The CEO of Mattel Inc., the largest U.S. toy maker, received compensation valued at $10.8 million in 2010, up 20 percent from 2009, according to an analysis by The Associated Press of a company filing.
Robert A. Eckert, 56, chairman and chief executive of Mattel Inc. since 2000, received a base salary of $1.25 million both years. The bulk of his pay came in stock and option awards valued at nearly $6 million when they were granted, according to a document the company filed late Wednesday with the Securities and Exchange Commission.
Mattel's board of directors took into account the company's financial performance for the year in determining compensation for Eckert and other executives. Mattel's net income rose 30 percent to $684.9 million and its revenue rose 8 percent to $5.86 billion between 2009 and 2010.
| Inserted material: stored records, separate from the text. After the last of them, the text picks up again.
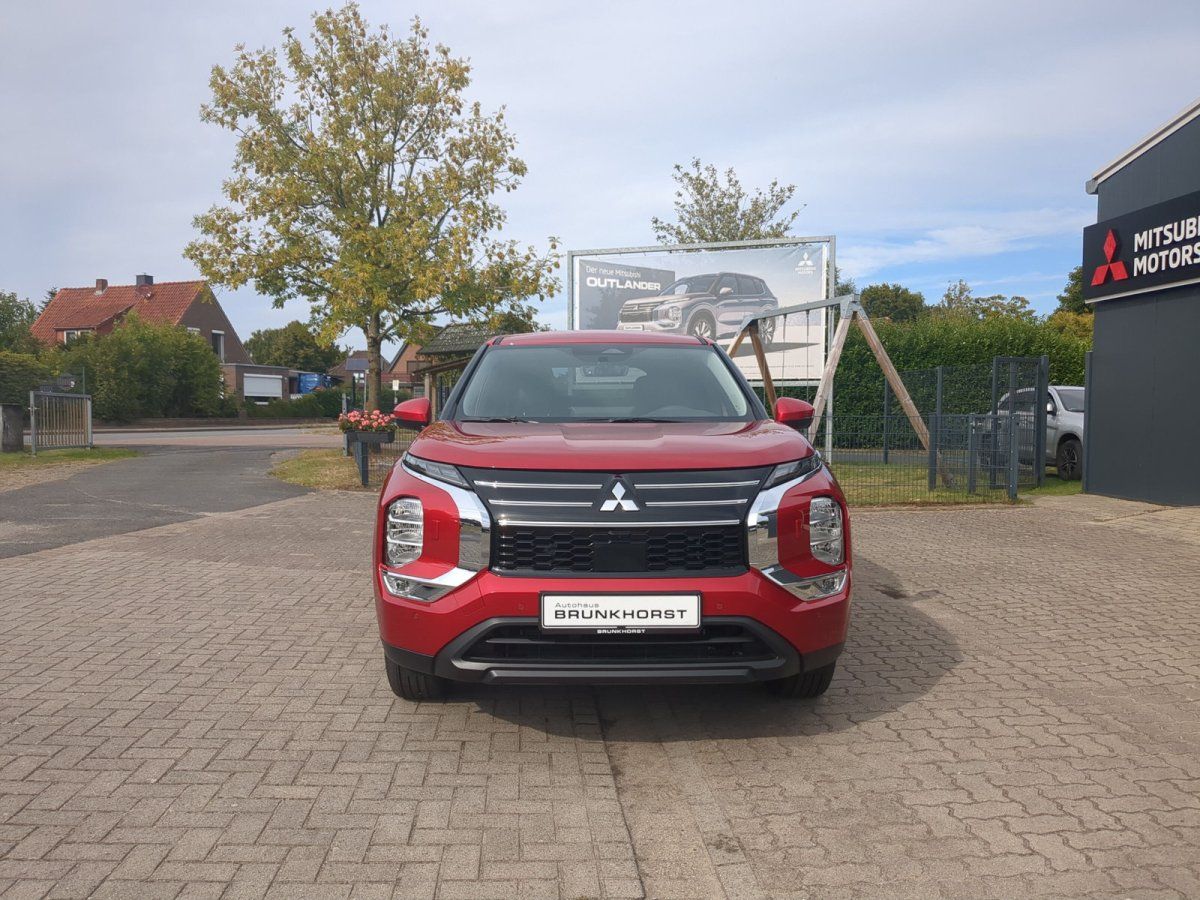 Roter Mitsubishi Outlander Frontansicht im Autohaus Brunkhorst Showroom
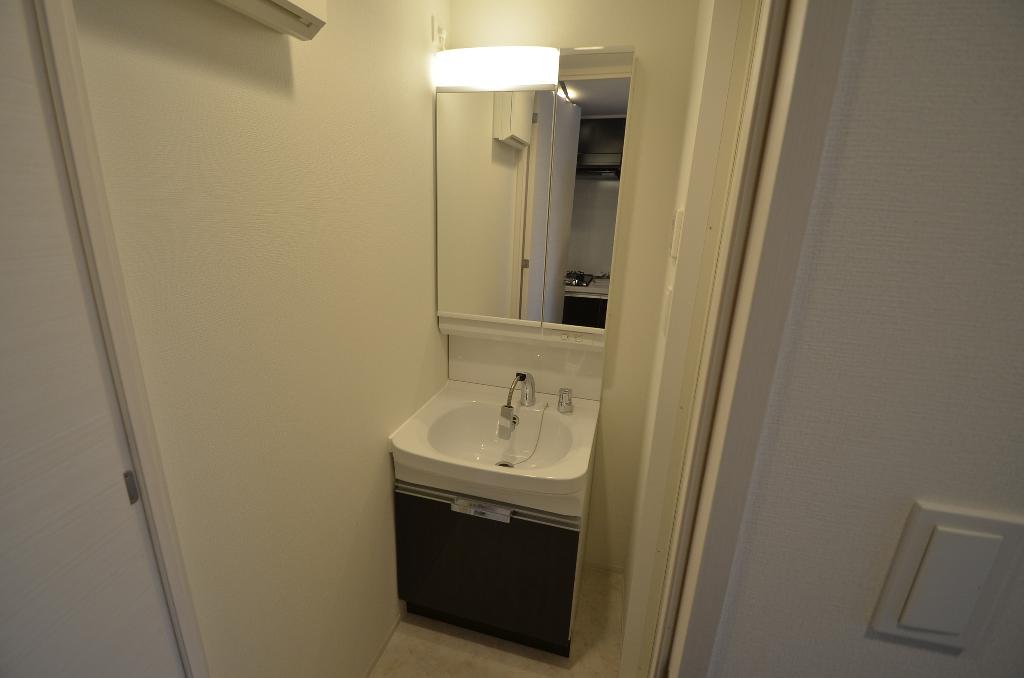 洗面設備　洗髪洗面化粧台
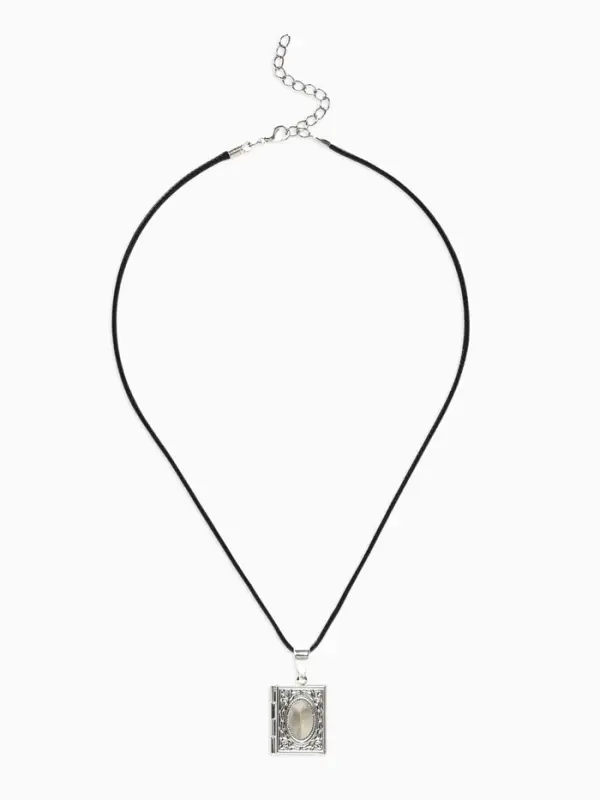 Кулон для фото на шнурке &laquo;Книга&raquo;, цвет серебро на чёрном шнурке, 45 см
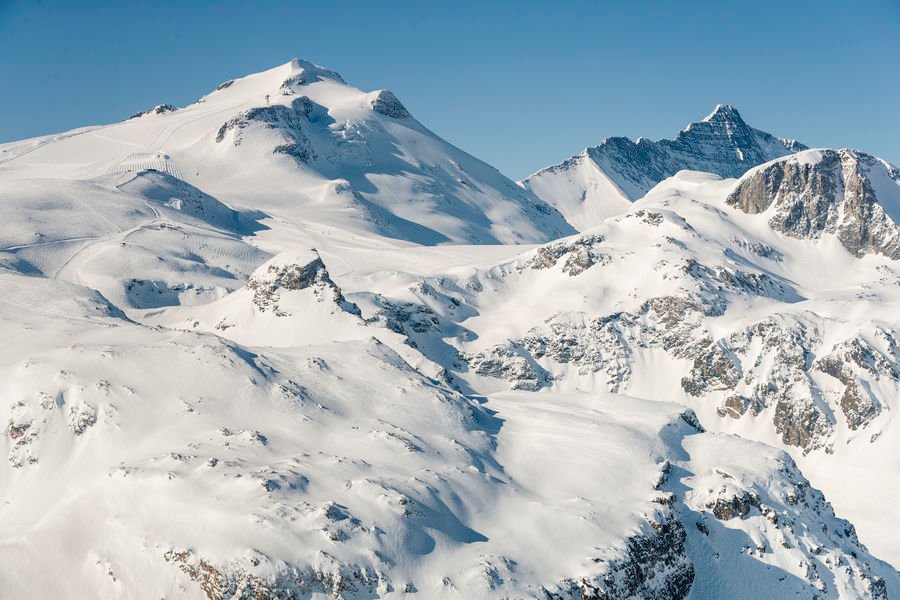 Le téléphérique de la Grande Motte à Tignes transportant des skieurs sur le glacier à plus de 3400 mètres d'altitude au mois de mai.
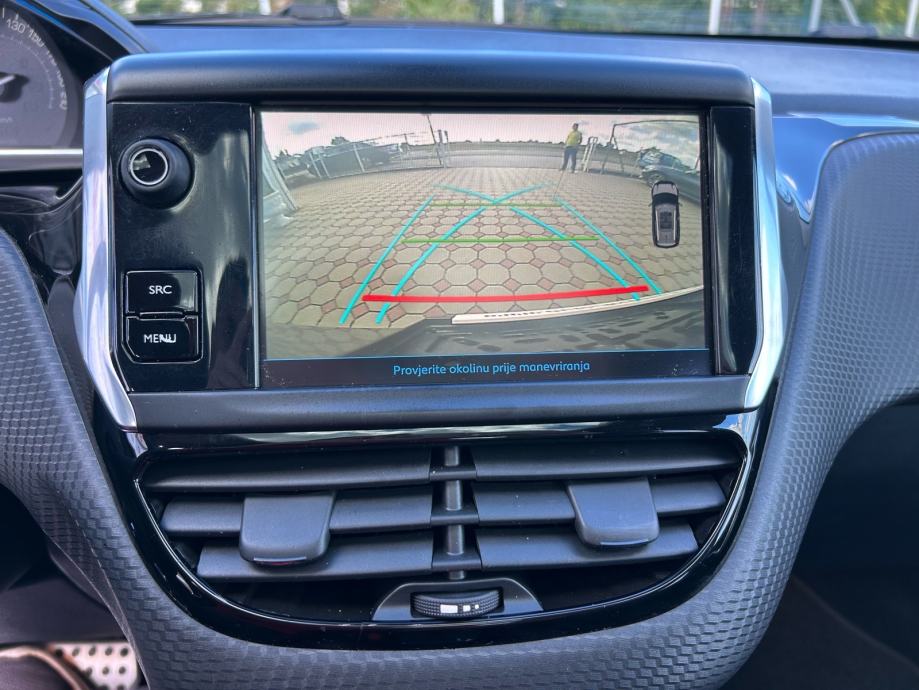 Peugeot 2008 1,2 PureTech 2018.,AUTOMATIK, PANORAMA, SERVISNA, NAVI, fotografija 18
"2010 was a strong year for Mattel, financially and operationally," the company said in the SEC filing.
Eckert's performance-based bonus grew by $750,000, or 30 percent, to $3.25 million in 2010.
Toys proved relatively recession-proof, but Mattel, based in El Segundo, Calif., outperformed some of its competitors in 2010. Revenue from some of its classic brands such as Barbie was strong, as was revenue from new properties like its "Monster High" dolls and accessories.
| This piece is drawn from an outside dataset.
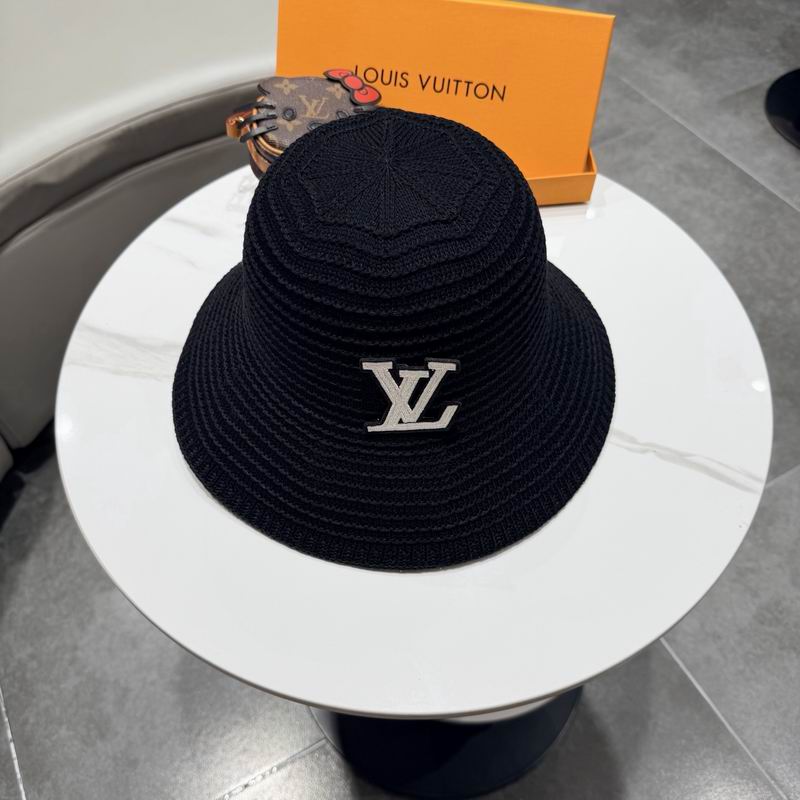 LV hat (1440)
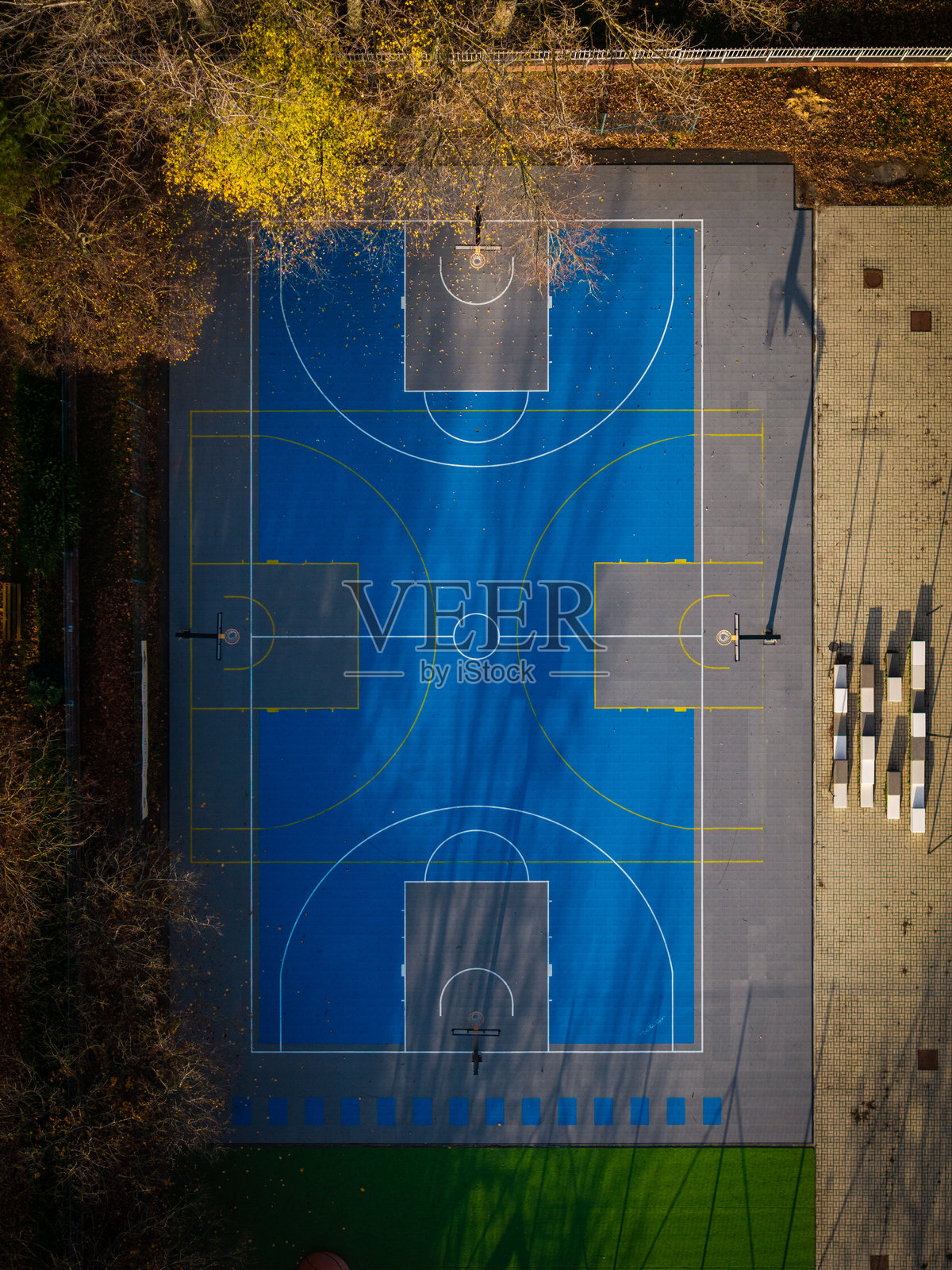 俯视角度拍摄的户外篮球场体育综合体照片摄影图片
Eckert also received other compensation of $301,499, including $74,366 for personal use of company aircraft, a $30,000 car allowance and more than $150,000 in retirement savings contributions.
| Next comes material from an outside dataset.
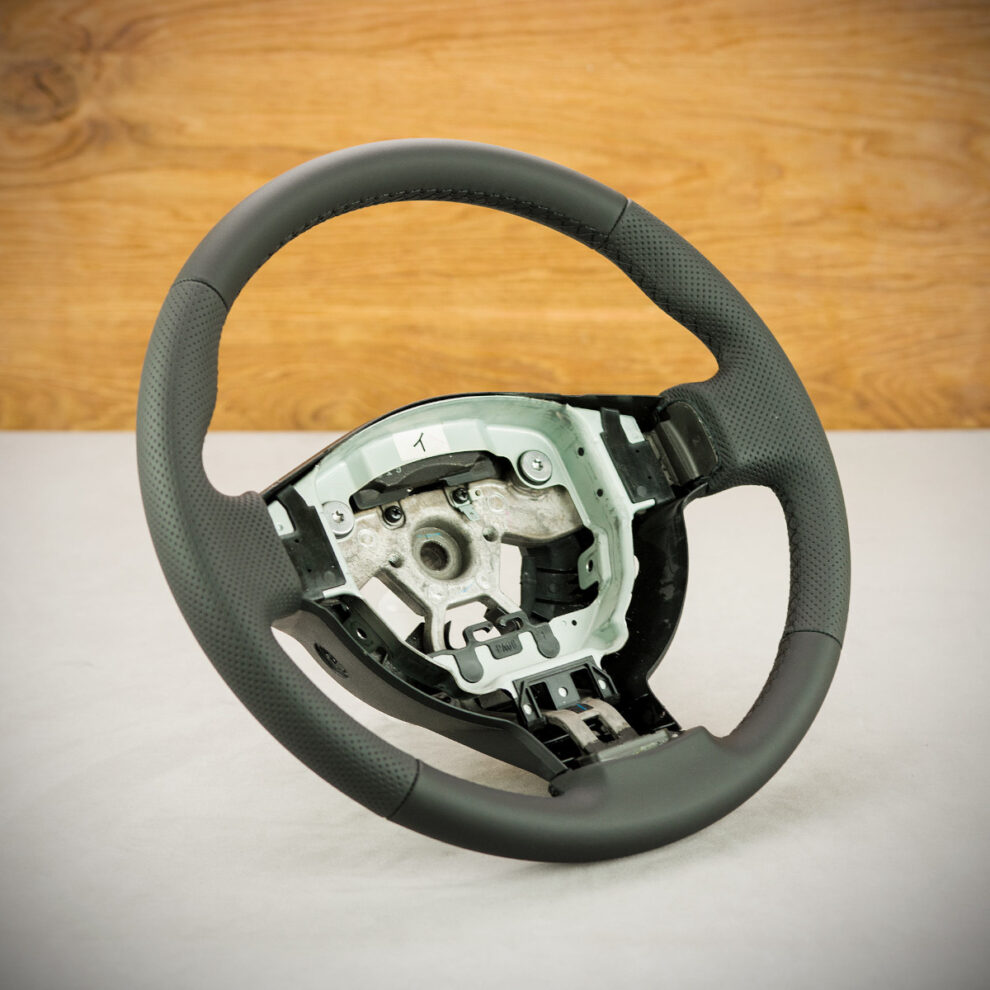 Obszycie kierownicy Nissan X-Trail II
The Associated Press formula calculates an executive's total compensation during the last fiscal year by adding salary, bonuses, perks, above-market interest the company pays on deferred compensation and the estimated value of stock and stock options awarded during the year. The AP formula does not count changes in the present value of pension benefits. That makes the AP total slightly different in most cases from the total reported by companies to the Securities and Exchange Commission.
The value that a company assigned to an executive's stock and option awards for 2010 was the present value of what the company expected the awards to be worth to the executive over time. Companies use one of several formulas to calculate that value. However, the number is just an estimate, and what an executive ultimately receives will depend on the performance of the company's stock in the years after the awards are granted. Most stock compensation programs require an executive to wait a specified amount of time to receive shares or exercise options.